Contrast this with my favorite game ever, Dragon Quest VIII, and you’ve got the blaring brass in the overture that screams “buckle your pants, we’re going on an adventure!” You’ve got cymbals slamming and drums pounding. Basically, the common elements of this soundtrack involve all the instruments one would associate with a classic Arthurian knight’s tale. Everything is loud and big, but not fast. This game has plenty of action, but really it’s about the world and seeing loads of different monsters and places. Lots of the music in this game is very “open”, with ascending notes that give the impression that a door is opening into a different world. It has plenty of strings, but here the strings play a harmony, for often it’s the brass that gets the forefront in these pieces.

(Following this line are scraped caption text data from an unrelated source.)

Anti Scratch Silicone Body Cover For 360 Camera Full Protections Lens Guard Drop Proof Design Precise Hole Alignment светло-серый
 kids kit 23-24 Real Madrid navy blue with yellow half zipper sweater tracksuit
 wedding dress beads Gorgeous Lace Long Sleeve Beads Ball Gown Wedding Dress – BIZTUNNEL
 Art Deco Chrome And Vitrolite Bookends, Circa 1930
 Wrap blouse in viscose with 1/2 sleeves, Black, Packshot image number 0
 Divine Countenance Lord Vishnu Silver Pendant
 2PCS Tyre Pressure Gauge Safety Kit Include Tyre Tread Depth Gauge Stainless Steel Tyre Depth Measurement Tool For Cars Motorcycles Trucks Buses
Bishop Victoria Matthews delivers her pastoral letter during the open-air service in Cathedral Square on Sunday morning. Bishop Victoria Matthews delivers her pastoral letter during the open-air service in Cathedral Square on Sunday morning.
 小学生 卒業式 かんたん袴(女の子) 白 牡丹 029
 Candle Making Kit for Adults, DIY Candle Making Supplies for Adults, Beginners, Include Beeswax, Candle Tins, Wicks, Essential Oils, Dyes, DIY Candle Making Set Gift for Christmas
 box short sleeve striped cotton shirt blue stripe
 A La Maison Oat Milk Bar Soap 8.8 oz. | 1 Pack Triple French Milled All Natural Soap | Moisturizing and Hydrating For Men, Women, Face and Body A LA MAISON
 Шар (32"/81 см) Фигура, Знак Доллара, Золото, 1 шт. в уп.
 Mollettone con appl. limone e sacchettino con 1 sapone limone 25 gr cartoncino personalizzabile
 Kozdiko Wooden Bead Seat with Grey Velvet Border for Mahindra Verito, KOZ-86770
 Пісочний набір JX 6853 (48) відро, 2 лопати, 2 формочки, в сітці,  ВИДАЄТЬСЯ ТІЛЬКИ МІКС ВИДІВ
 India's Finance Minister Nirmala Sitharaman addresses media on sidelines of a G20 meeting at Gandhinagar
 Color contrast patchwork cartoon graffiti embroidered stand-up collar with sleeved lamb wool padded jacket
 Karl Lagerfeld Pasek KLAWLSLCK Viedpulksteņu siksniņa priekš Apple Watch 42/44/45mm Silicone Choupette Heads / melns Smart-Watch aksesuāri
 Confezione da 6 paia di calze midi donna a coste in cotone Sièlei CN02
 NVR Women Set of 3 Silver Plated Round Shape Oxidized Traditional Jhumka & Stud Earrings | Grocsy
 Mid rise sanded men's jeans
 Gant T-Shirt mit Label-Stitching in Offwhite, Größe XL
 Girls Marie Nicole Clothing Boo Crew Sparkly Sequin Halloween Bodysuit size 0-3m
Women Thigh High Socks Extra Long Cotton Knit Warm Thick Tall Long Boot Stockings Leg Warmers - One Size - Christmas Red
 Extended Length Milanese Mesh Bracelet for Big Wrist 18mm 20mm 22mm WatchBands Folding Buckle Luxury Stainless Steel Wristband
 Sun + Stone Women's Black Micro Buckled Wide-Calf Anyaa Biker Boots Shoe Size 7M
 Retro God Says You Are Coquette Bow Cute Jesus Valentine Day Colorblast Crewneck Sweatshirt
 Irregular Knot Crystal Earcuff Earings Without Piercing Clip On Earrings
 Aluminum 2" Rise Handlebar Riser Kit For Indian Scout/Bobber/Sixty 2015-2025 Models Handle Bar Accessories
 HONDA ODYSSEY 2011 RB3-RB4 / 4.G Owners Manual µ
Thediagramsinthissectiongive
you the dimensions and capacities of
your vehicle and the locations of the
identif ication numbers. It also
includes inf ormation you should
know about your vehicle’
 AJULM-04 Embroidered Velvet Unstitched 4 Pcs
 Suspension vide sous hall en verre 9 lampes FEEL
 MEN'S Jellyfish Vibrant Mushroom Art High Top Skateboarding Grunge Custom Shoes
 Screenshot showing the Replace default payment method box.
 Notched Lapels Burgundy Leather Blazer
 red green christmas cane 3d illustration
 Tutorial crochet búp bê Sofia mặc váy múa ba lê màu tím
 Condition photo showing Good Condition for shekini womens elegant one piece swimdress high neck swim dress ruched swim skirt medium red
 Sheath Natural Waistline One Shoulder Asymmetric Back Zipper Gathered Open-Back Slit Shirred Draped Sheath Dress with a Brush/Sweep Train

With music that isn’t meant to be actively listened to, there are two super important things that are necessary to help subliminally tell the audience what mood they should be in. Those things are tempo and instruments. The tempo translates directly to how fast you want your audience’s heart to be racing. With Journey, there isn’t a whole lot that will scare you. You might as well be reading a book on a quiet rainy evening. With Dragon Quest VIII, the tempo is often quick, but it gives the impression of a brisk walk down the country side or playing tag with some friends. With something more horror or action based, you want their heart to be pounding, as in “Oh no this demon is going to get me if I don’t run faster” sort of pace. If you set the tempo at that pace, your job is already halfway done.

The next time you’re binging Netflix or simply out at the movies, try to listen to the film score. Pick out the instruments being used. Think about how different that song would be if it was an electric guitar, or xylophone, or tuba playing that melody. It would feel out of place, sure, but chances are that sort of switch would work just fine in a different movie with a different theme.